He prefers refereeing to being a linesman.

“When you’re a referee, you’re part of the game. You’re so much more involved in the game,” said Roy, who also enjoys the two-referees, two-linesmen system put in place in college hockey this past season.

“At first, I wasn’t crazy about it,” said Roy. “But once you know what to do positionally and how to work it, it’s great,” said Roy. “If they ever went back to a one-referee [two-linesmen] system, I’d feel like I would be missing a lot of stuff behind the play [as the referee].”

Referees and linesmen certainly take their share of abuse, but Roy said, “I think I’m a little deaf. I don’t hear them. If it reaches a point where I hear the coach or a player, they’re going to get a penalty because they would have to be real loud if I hear them.”

He is thick-skinned and will let players and coaches vent within reason.

“But don’t throw your arms up in the air or make a scene [or a penalty is forthcoming],” he said.

He enjoys his officiating work “because it keeps me involved in the game.”
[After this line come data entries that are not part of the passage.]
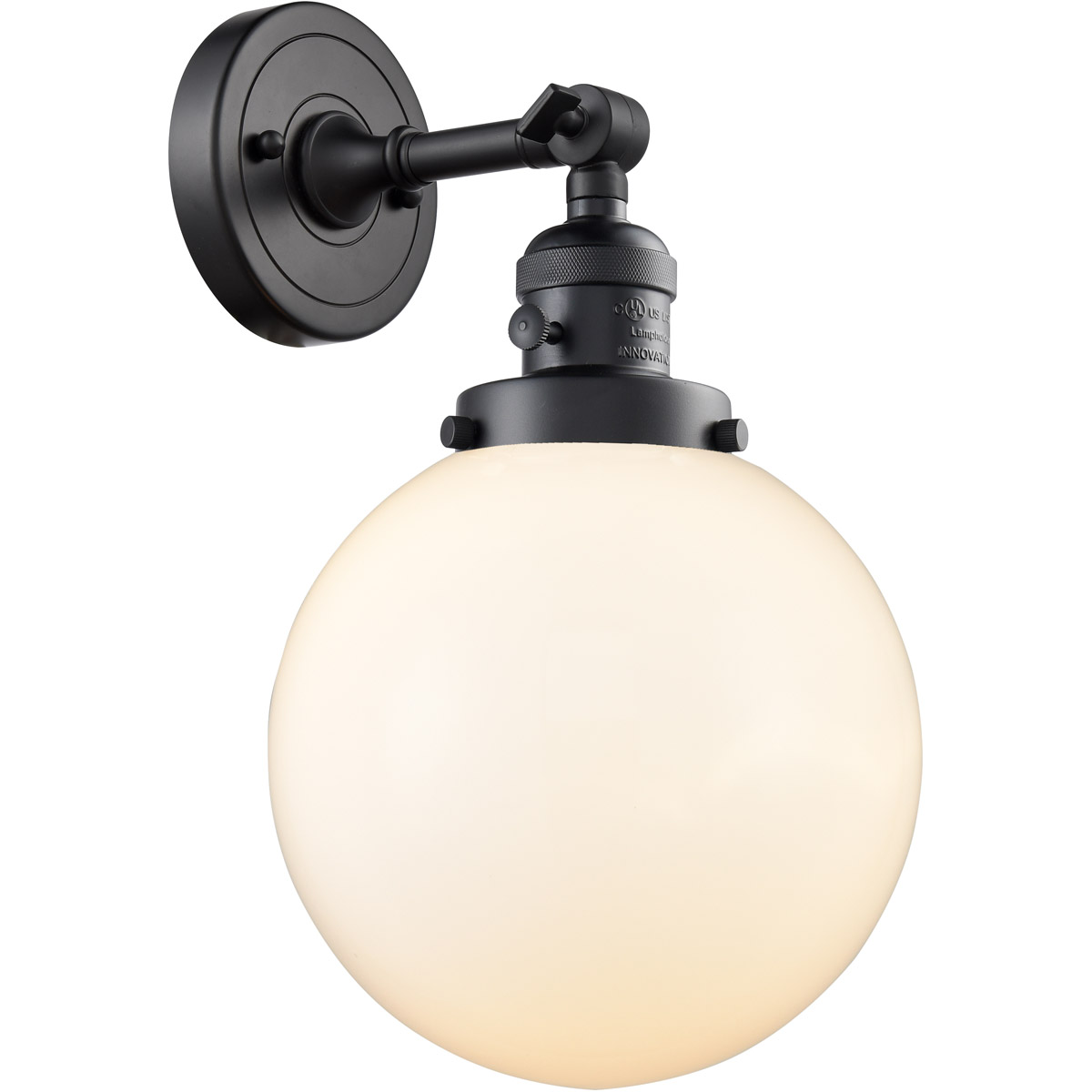 Franklin Restoration Large Beacon LED 8 inch Matte Black Sconce Wall Light, Franklin Restoration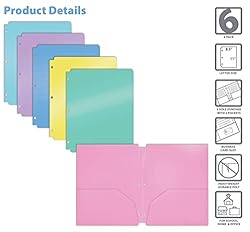3 Hole Punch Pocket Folders, Bulk Pack, Sturdy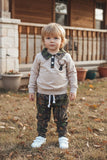 Western deer embroidery beige top & camo pant 2pc boy's boutique set 2601118M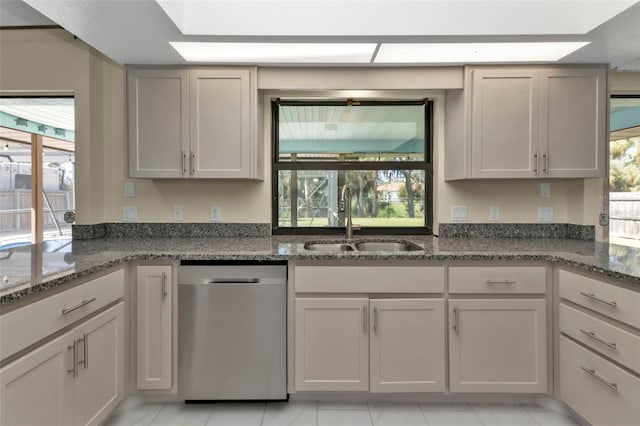 kitchen with dark stone countertops, stainless steel dishwasher, sink, and plenty of natural light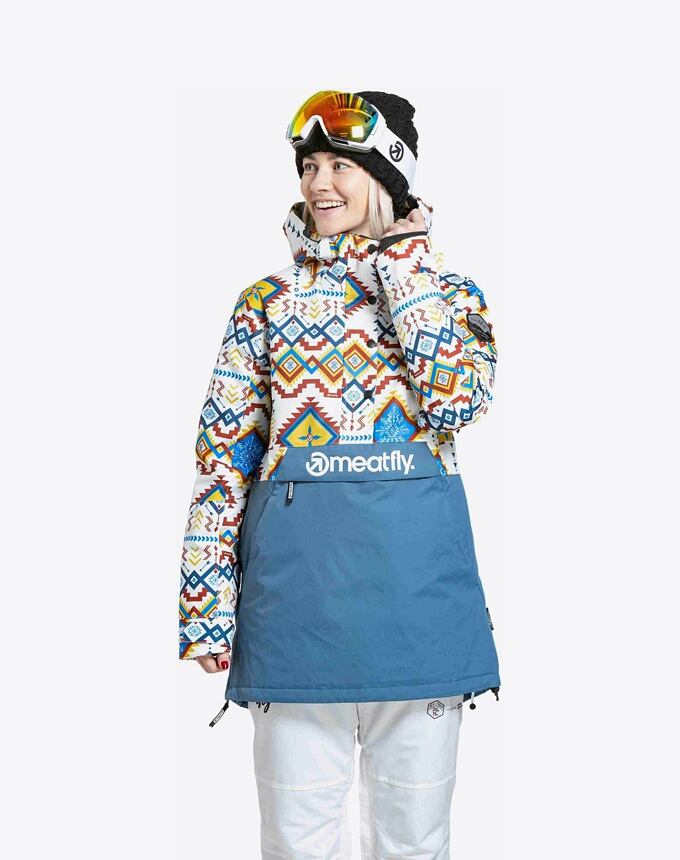 Dámská SNB & SKI bunda Meatfly Aiko, White Jones / Slate Blue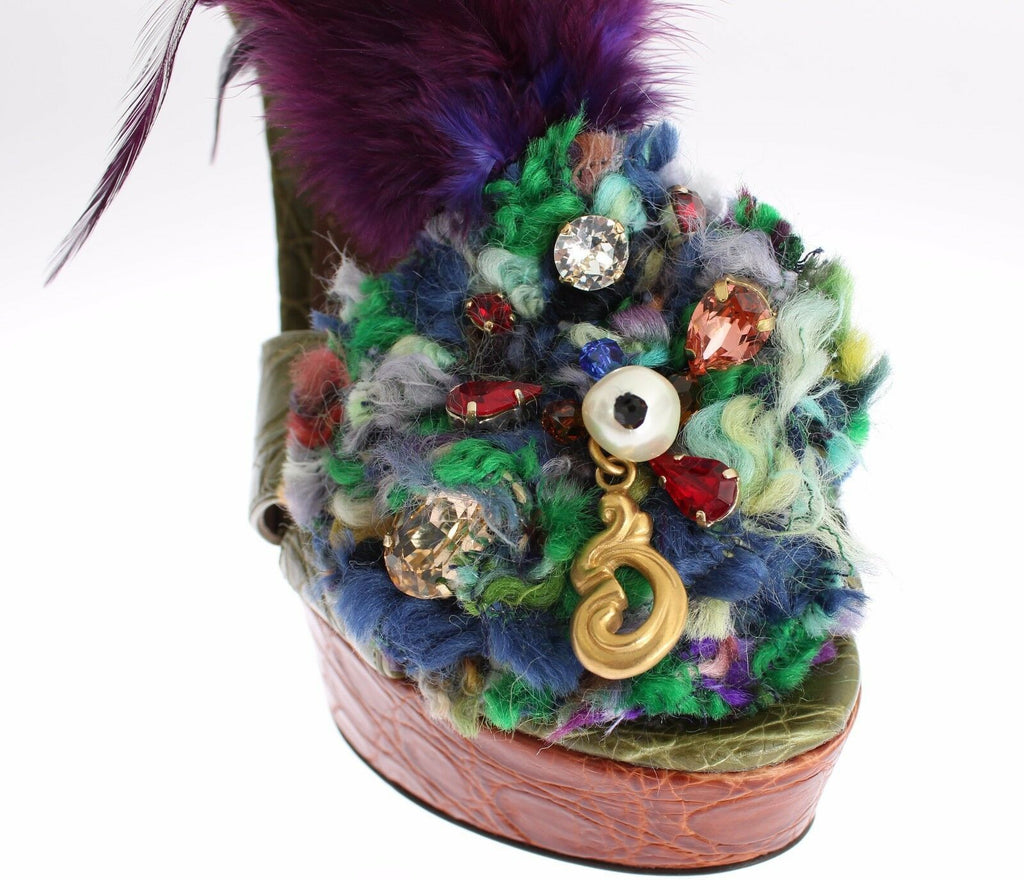 Chaussures sandales à plateforme en cuir vert et cristaux Dolce & Gabbana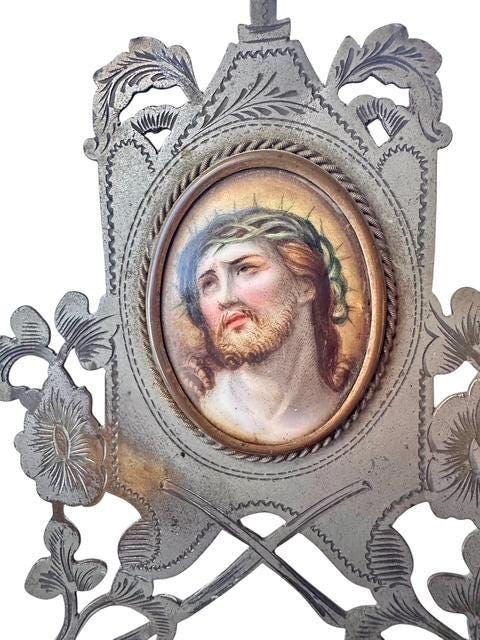 Hand Painted Porcelain Plaque of Jesus Christ in Silver Frame, Circa 1890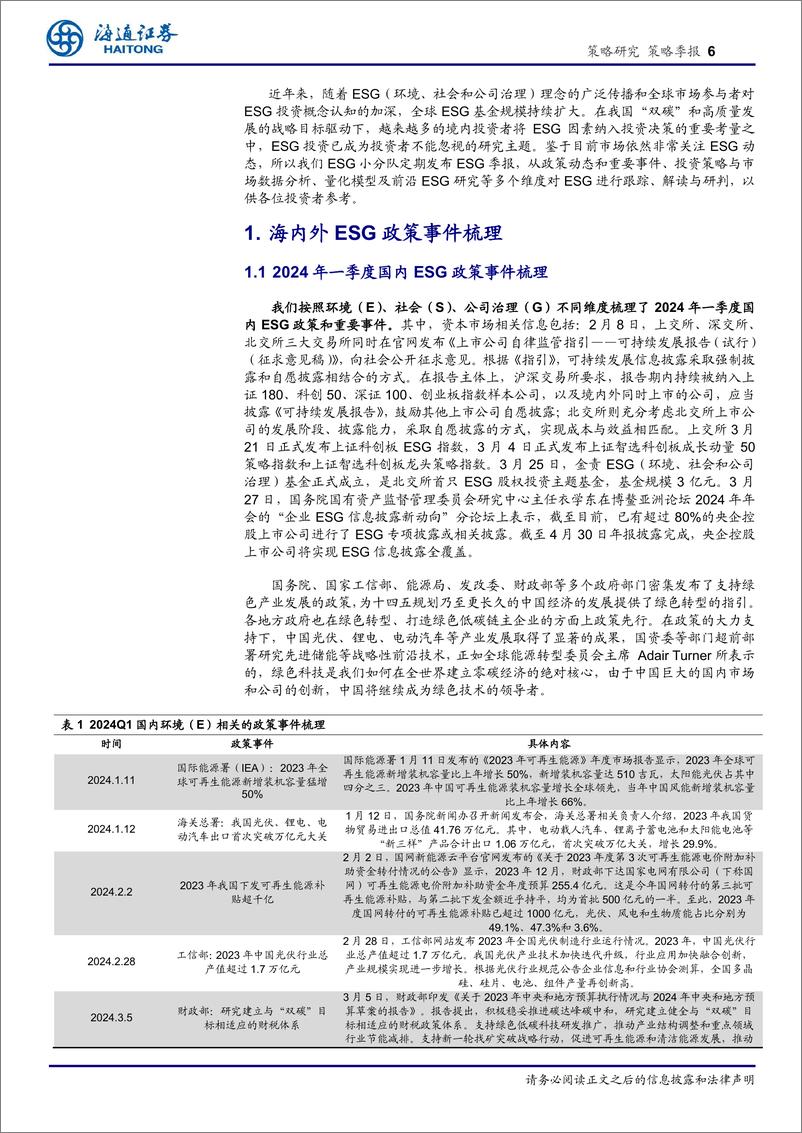 《策略季报：ESG信息披露逐渐成为上市公司必选项-240408-海通证券-22页》 - 第6页预览图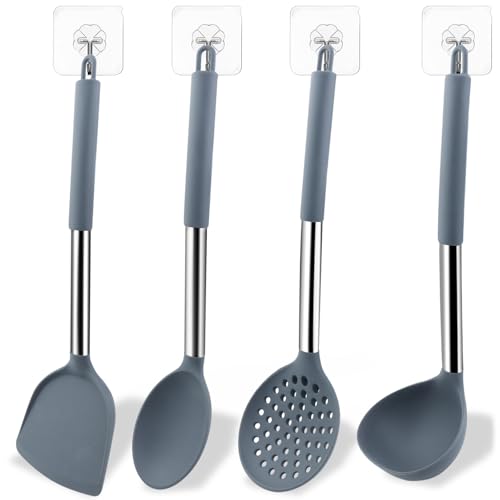 JNZLT Set di 4 posate da cucina, in silicone, utensili da cucina, per cucinare e servire (cucchiai da zuppa, colino, pala cinese, cucchiaio largo) con 4 ganci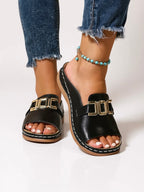 Zara | Women's Chic Buckle Slides with Contrast Stitching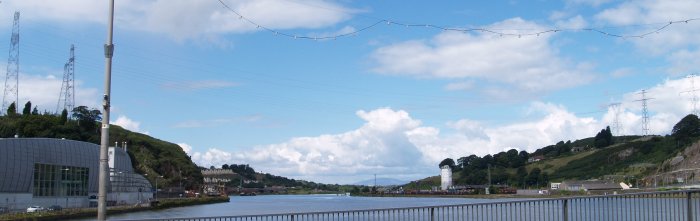 Looking west up the River Suir from the Town to Ferrybank road bridge - River Suir waterfront-quay scenes, Waterford Town-City, County Waterford, Ireland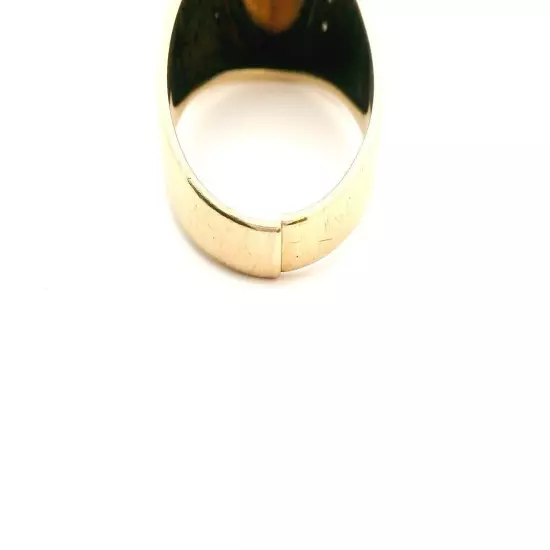 Men's 10K Yellow Gold Tiger's Eye Ring Size 12 8g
Roy and his wife, Heather (North), whom he met at Maine, are living in her hometown of Marshfield, Mass., with their daughters Dominique (11 years old) and Gabrielle (8).

They own and manage 20 apartment units.

He returned to Orono to play against the Bruins Alumni two weeks ago.

“Going back up there was awesome. It brought back a lot of memories,” he said.

He created a lot of memories.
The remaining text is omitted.